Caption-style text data
------------------------------------------------------------
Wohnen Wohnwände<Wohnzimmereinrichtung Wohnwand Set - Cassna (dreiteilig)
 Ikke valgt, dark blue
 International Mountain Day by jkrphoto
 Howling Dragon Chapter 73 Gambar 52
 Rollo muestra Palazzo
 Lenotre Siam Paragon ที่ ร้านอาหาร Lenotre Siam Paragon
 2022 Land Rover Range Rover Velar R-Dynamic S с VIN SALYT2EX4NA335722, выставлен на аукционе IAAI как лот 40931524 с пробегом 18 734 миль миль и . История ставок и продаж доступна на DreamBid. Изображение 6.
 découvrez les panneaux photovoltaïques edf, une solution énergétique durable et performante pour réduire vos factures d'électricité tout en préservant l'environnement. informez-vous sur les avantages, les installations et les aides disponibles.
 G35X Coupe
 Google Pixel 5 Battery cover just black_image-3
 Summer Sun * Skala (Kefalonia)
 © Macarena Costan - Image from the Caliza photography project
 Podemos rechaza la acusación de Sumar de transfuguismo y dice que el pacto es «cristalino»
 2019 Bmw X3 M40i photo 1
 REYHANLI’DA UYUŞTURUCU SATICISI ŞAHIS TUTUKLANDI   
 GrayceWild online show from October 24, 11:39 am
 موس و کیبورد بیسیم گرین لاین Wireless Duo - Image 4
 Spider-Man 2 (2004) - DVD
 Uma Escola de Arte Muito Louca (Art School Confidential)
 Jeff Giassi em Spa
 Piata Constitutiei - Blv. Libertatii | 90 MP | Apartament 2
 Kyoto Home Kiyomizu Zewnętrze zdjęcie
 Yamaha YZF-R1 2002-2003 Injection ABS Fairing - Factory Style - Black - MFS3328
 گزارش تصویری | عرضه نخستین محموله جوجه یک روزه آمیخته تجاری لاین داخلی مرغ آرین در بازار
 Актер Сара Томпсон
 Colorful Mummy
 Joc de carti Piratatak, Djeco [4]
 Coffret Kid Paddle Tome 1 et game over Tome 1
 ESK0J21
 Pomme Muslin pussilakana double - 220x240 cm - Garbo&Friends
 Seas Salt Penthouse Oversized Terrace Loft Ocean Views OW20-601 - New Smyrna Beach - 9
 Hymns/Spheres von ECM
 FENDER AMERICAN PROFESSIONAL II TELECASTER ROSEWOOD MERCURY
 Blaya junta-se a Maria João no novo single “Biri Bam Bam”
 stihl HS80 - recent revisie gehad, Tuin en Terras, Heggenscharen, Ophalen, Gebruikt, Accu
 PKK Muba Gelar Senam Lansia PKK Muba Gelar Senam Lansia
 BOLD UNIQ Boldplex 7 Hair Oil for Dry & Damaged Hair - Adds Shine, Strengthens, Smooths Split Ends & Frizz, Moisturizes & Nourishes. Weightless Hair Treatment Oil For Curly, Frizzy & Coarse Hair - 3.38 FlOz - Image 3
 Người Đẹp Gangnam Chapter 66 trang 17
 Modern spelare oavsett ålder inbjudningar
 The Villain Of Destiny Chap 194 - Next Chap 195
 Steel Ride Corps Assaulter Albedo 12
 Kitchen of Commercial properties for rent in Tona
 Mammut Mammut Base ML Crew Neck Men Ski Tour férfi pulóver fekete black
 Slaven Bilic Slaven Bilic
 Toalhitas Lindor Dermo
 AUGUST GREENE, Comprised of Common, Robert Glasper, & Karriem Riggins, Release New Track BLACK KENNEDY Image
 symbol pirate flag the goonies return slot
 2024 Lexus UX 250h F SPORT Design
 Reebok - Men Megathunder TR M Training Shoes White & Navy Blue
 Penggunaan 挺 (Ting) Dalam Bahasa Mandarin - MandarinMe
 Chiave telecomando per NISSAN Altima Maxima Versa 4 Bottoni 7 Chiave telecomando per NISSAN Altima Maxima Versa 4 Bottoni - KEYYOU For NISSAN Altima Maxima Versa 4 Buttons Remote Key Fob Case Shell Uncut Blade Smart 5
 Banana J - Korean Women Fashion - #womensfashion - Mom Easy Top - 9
------------------------------------------------------------
* INSTRUCTIONS FOR THE TASK
Output the lines above between the one holding "Howling Dragon Chapter 73 Gambar 52" and the one holding "PKK Muba Gelar Senam Lansia PKK", inclusive, with nothing before or after them.

* OUTPUT
 Howling Dragon Chapter 73 Gambar 52
 Rollo muestra Palazzo
 Lenotre Siam Paragon ที่ ร้านอาหาร Lenotre Siam Paragon
 2022 Land Rover Range Rover Velar R-Dynamic S с VIN SALYT2EX4NA335722, выставлен на аукционе IAAI как лот 40931524 с пробегом 18 734 миль миль и . История ставок и продаж доступна на DreamBid. Изображение 6.
 découvrez les panneaux photovoltaïques edf, une solution énergétique durable et performante pour réduire vos factures d'électricité tout en préservant l'environnement. informez-vous sur les avantages, les installations et les aides disponibles.
 G35X Coupe
 Google Pixel 5 Battery cover just black_image-3
 Summer Sun * Skala (Kefalonia)
 © Macarena Costan - Image from the Caliza photography project
 Podemos rechaza la acusación de Sumar de transfuguismo y dice que el pacto es «cristalino»
 2019 Bmw X3 M40i photo 1
 REYHANLI’DA UYUŞTURUCU SATICISI ŞAHIS TUTUKLANDI   
 GrayceWild online show from October 24, 11:39 am
 موس و کیبورد بیسیم گرین لاین Wireless Duo - Image 4
 Spider-Man 2 (2004) - DVD
 Uma Escola de Arte Muito Louca (Art School Confidential)
 Jeff Giassi em Spa
 Piata Constitutiei - Blv. Libertatii | 90 MP | Apartament 2
 Kyoto Home Kiyomizu Zewnętrze zdjęcie
 Yamaha YZF-R1 2002-2003 Injection ABS Fairing - Factory Style - Black - MFS3328
 گزارش تصویری | عرضه نخستین محموله جوجه یک روزه آمیخته تجاری لاین داخلی مرغ آرین در بازار
 Актер Сара Томпсон
 Colorful Mummy
 Joc de carti Piratatak, Djeco [4]
 Coffret Kid Paddle Tome 1 et game over Tome 1
 ESK0J21
 Pomme Muslin pussilakana double - 220x240 cm - Garbo&Friends
 Seas Salt Penthouse Oversized Terrace Loft Ocean Views OW20-601 - New Smyrna Beach - 9
 Hymns/Spheres von ECM
 FENDER AMERICAN PROFESSIONAL II TELECASTER ROSEWOOD MERCURY
 Blaya junta-se a Maria João no novo single “Biri Bam Bam”
 stihl HS80 - recent revisie gehad, Tuin en Terras, Heggenscharen, Ophalen, Gebruikt, Accu
 PKK Muba Gelar Senam Lansia PKK Muba Gelar Senam Lansia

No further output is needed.